Begin at the line with "Imagen ilustrativa: fachada" and output every line through the end of the records, exactly as given. Omit pictures.

▶ _Crawled caption data_:
******************************

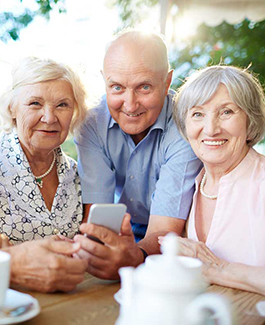 two women and one man looking at a mobile phone 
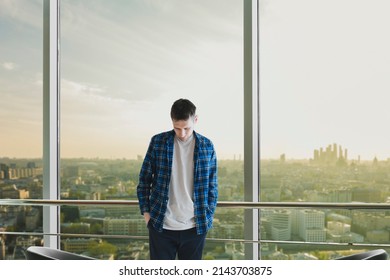 Young Man Standing Near Panorama Window Looking At The City, Home Interior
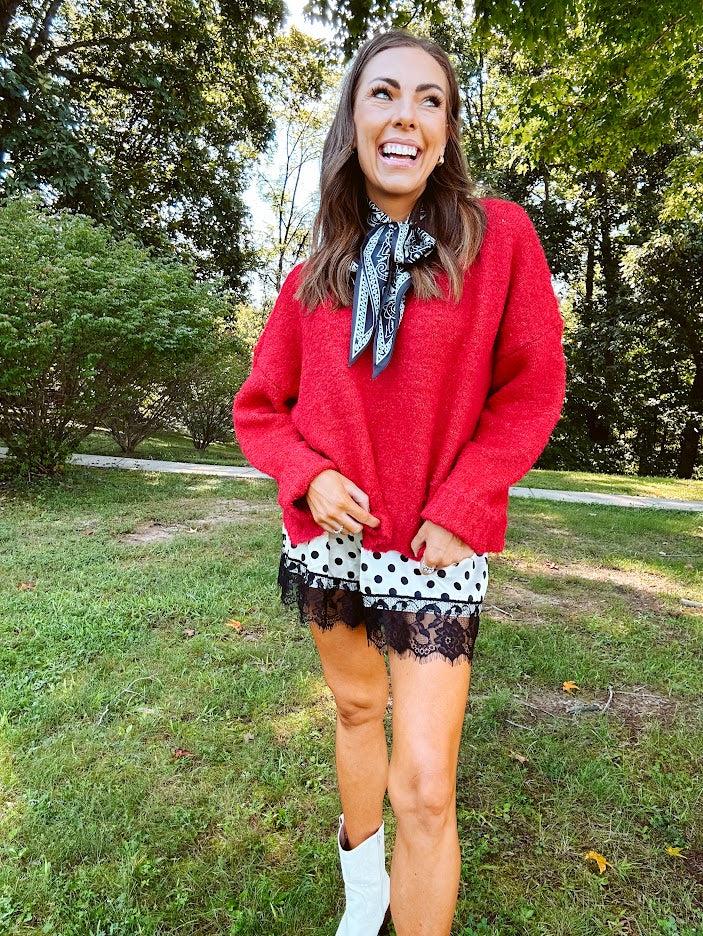 Soft, fuzzy cool red mock neck sweater with wide ribbed neck, cuffs and hem. 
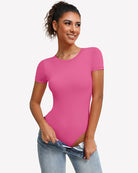 Short-sleeve snap bodysuit, bright pink with fitted long torso and thong-style bottom.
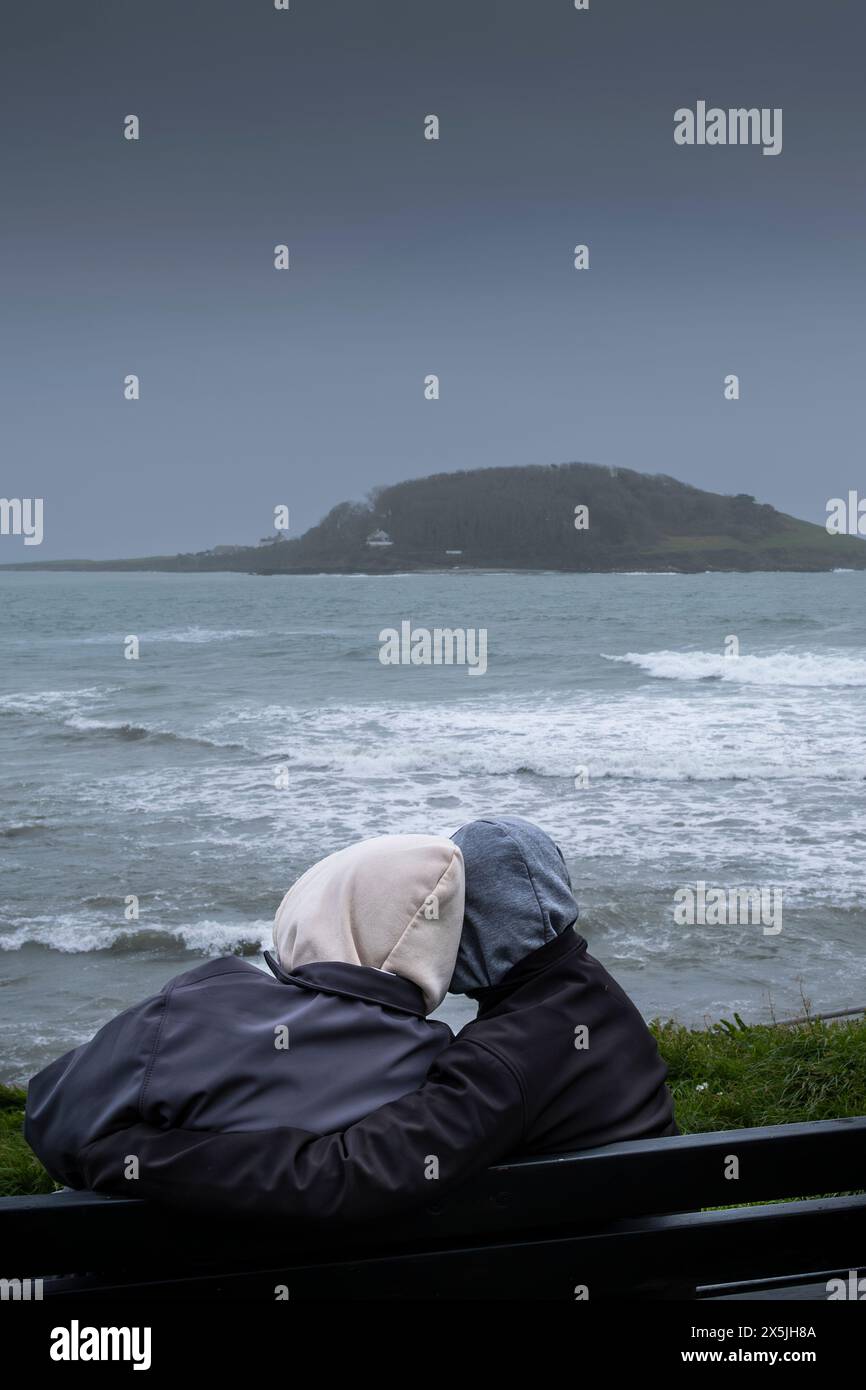 Meteo per il Regno Unito. Due persone che abbracciano e si siedono su una panchina che si affaccia sul mare verso la storica Looe Island al largo della costa della Cornovaglia nel Regno Unito. Foto Stock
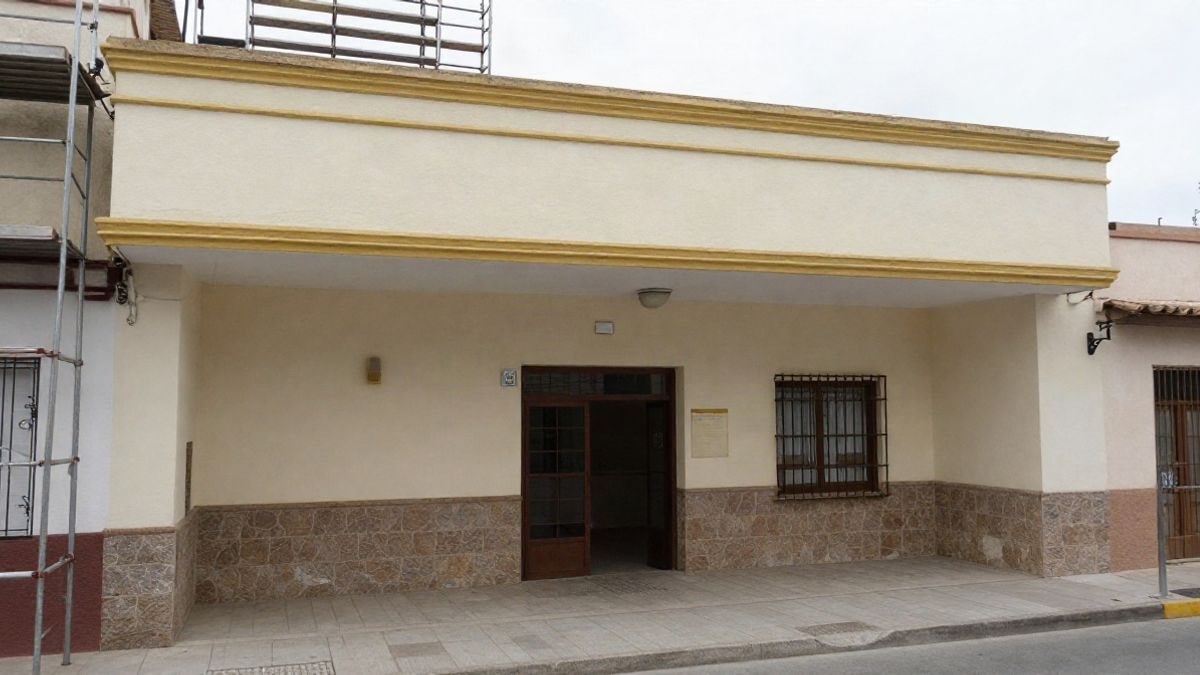 Imagen ilustrativa: fachada de una escuela pública con la cornisa recién pintada y andamios retirados parcialmente, bajo un cielo nublado.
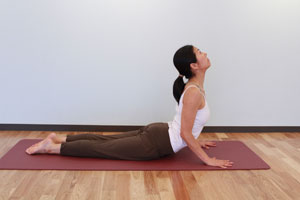 7.息を吸いながら、腰を床に降ろし、手の平しっかり開いて床を押しながら上体を起こして後ろへ反らせる。両脚は揃えたままにし、肩は下げて肩甲骨を引き寄せるように後ろへ引いて胸をひらく。上後方を見上げる。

******************************

▶ _SOLVED PROBLEM_:
 Imagen ilustrativa: fachada de una escuela pública con la cornisa recién pintada y andamios retirados parcialmente, bajo un cielo nublado.
 7.息を吸いながら、腰を床に降ろし、手の平しっかり開いて床を押しながら上体を起こして後ろへ反らせる。両脚は揃えたままにし、肩は下げて肩甲骨を引き寄せるように後ろへ引いて胸をひらく。上後方を見上げる。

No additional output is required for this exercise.